Summary & recording of the #meander data-recur meeting last Friday. Thank you so much for the brilliant hands-on teaching, @noprompt! https://clojureverse.org/t/data-recur-meeting-3-meander-summary-video/ https://www.youtube.com/watch?v=t8C5Uv1abc4

🎉 7
noprompt15:10:58

Just a note about this, I'm not particularly great a presenting/time management during a presentation and didn't cover as much as I would have liked to. For people who already know about the library, there's nothing new here. For people new to the library, I think the docs are probably going to be the most effective way to learn Meander.

prnc17:10:43

I loved it actually! 🙂 Docs are great but I think there is something to be said for seeing someone skilfully use a tool, small mistakes, detours and all — it more closely resembles the actual usage context — gives one ideas and confidence to try them out 💪 So thank you!

👍 1
🙏 1
noprompt17:10:41

Question: are the Clojure ML folks largely on Zulip?

noprompt17:10:17

I took a peek at tech.ml.* on Friday and I want to learn more.

noprompt17:10:35

(Currently learning pytorch and working through the fastai book.)

Daniel Slutsky18:10:12

> largely on Zulip? yes

Daniel Slutsky18:10:18

> I loved it actually! 🙂 > Docs are great but I think there is something to be said for seeing someone skilfully use a tool, small mistakes, detours and all — it more closely resembles the actual usage context — gives one ideas and confidence to try them out 💪 > So thank you! I felt the same. To me, this seems the best path for learning such a topic, and also the best path to prepare for more advanced topics. For live coding to be clear & didactic, it needs to be slow enough. It actually made sense to spend that time with Meader basics, in my opinion.

👍 1
noprompt15:10:46

Usage poll 1️⃣ I use Meander for hobby projects 2️⃣ I use Meander for/at work 3️⃣ I don't use Meander

2️⃣ 11
1️⃣ 11
3️⃣ 4
noprompt15:10:31

I don't use Meander because 1️⃣ I don't understand how to apply it 2️⃣ It's too buggy/hard to debug 3️⃣ There is not enough documentation 4️⃣ Other (specify in reply)

4️⃣ 4
2️⃣ 3
3️⃣ 3
Anthony21:10:11

4: ... yet, but plan to

Lidor Cohen21:10:14

I use it at work for some tasks and specter for others. I was able to grasp specter a bit better (although I used meander first). They are both missing aggregations.

noprompt21:10:55

> They are both missing aggregations. @lidorcg Aggregations exist on the zeta branch and to a degree are also available on the epsilon branch as memory variables. An "aggregation" on the zeta branch is actually just custom variable type which is simply a pair of rewrite systems (functions). The first function takes, as an argument, the current state of the variable and a value to be stored, and computes the new value of the store AKA fold.
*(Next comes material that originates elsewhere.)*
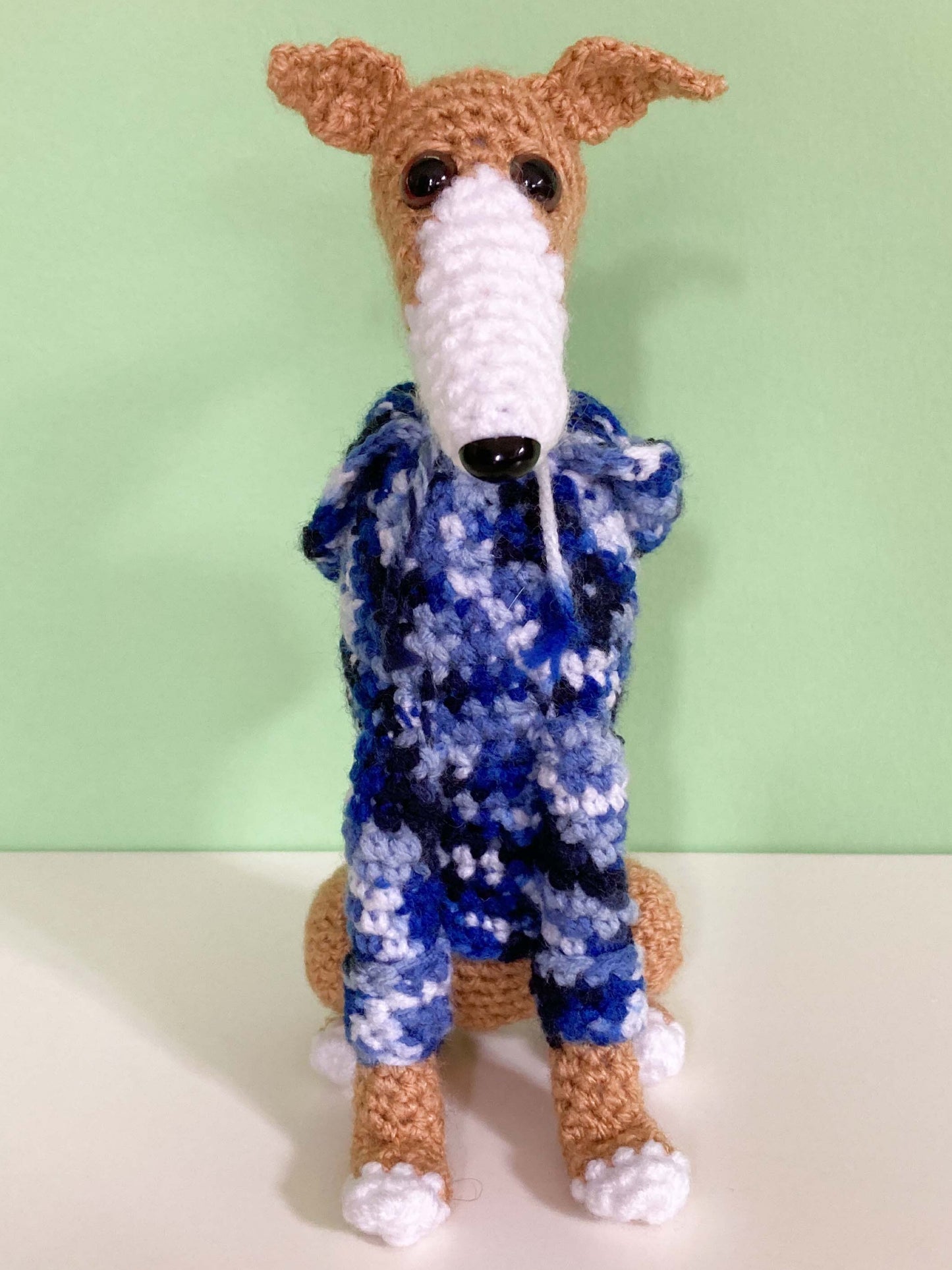 TAN WHITE CROCHET MINI WHIPPET GREYHOUND SIGHTHOUND ITALIAN GREYHOUND PLUSH IN A KNITTED BLUE HOODIE KEEPSAKE MEMORIAL GIFT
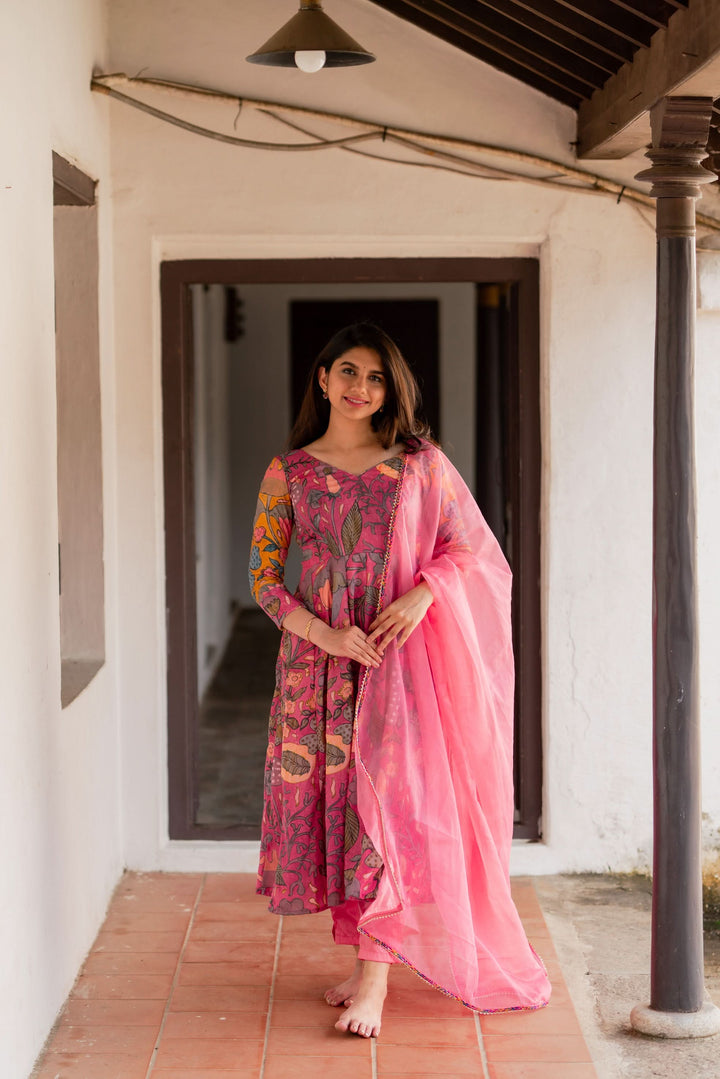 Kalamkari Print Carnation Pink 3 piece Co-Ord Set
The second function task, as an argument, the current state variable and computes a pair of the value to return from the store and the next value of the store AKA unfold.

;; Store a value
[current-state incoming-value] -> next-state
;; Dispense a value
current-state -> [outgoing-value next-state]
This generalization of variables is suitable to accommodate virtually any kind of aggregation, be it min, max, a counter, an average, etc. Counter already exists as ++ on zeta. Its fold simply increments the stored valued while ignoring the incoming value, and its unfold simply returns the stored value.

noprompt21:10:49

The only thing this description lacks is an account of failure, both in the fold and in the unfold. Fortunately, zeta does account for this and the definition of variables/aggregators can specify a how storage/retrieval can fail. For example, we can say that if a variable has never stored anything it is unbound. Retrieving an unbound variable could mean failure (in most programming settings this would result in a compile time/runtime error).

Lidor Cohen09:10:04

@noprompt thanks for addressing that, on the last task the required group by and aggregation I posted a question here and after a little search on the channel I found an answer that basically said "we're working on it" so I rooted for you and solved it in the old clojury way 😁 . Next data manipulation task I have I'll come back to meander and will give it another go 💪:skin-tone-3:. I always seek different tools that give different perspectives on problems, and meander sure is different so I'll keep on checking on it

noprompt15:10:59

I will probably think of some more questions. Also, I think there is a proper poll thingy for Slack but I don't know where it is.

noprompt21:10:55

> They are both missing aggregations. @lidorcg Aggregations exist on the zeta branch and to a degree are also available on the epsilon branch as memory variables. An "aggregation" on the zeta branch is actually just custom variable type which is simply a pair of rewrite systems (functions). The first function takes, as an argument, the current state of the variable and a value to be stored, and computes the new value of the store AKA fold. The second function task, as an argument, the current state variable and computes a pair of the value to return from the store and the next value of the store AKA unfold.

;; Store a value
[current-state incoming-value] -> next-state
;; Dispense a value
current-state -> [outgoing-value next-state]
This generalization of variables is suitable to accommodate virtually any kind of aggregation, be it min, max, a counter, an average, etc. Counter already exists as ++ on zeta. Its fold simply increments the stored valued while ignoring the incoming value, and its unfold simply returns the stored value.

noprompt21:10:49

The only thing this description lacks is an account of failure, both in the fold and in the unfold. Fortunately, zeta does account for this and the definition of variables/aggregators can specify a how storage/retrieval can fail. For example, we can say that if a variable has never stored anything it is unbound. Retrieving an unbound variable could mean failure (in most programming settings this would result in a compile time/runtime error).